▸ TASK GOAL
Using the listing below, set down each line from the line containing "Men's Coach messenger bag - Picture 2 of 4" through the line containing "Used 2015 Fathom", both ends included, exactly and with nothing added.

▸ SOURCE INFORMATION
<<<<

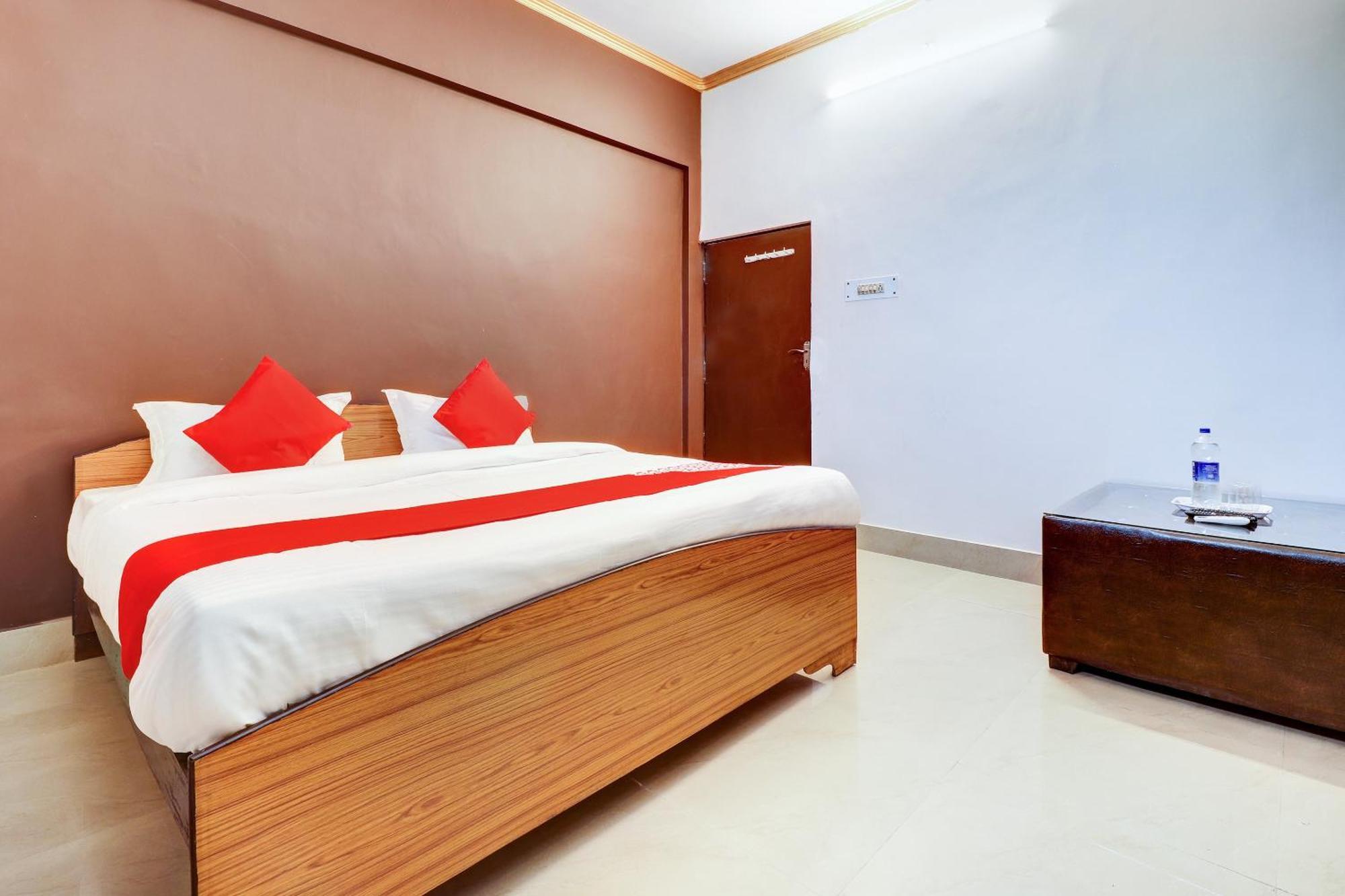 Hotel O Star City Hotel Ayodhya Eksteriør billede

>>>>
<<<<

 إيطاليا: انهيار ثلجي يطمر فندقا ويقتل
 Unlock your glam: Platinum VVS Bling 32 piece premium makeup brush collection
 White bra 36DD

>>>>
<<<<

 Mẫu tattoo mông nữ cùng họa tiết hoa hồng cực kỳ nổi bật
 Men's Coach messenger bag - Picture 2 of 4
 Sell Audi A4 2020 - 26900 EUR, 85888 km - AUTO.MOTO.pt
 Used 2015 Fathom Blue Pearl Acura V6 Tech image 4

>>>>

▸ ANSWER AREA
 Men's Coach messenger bag - Picture 2 of 4
 Sell Audi A4 2020 - 26900 EUR, 85888 km - AUTO.MOTO.pt
 Used 2015 Fathom Blue Pearl Acura V6 Tech image 4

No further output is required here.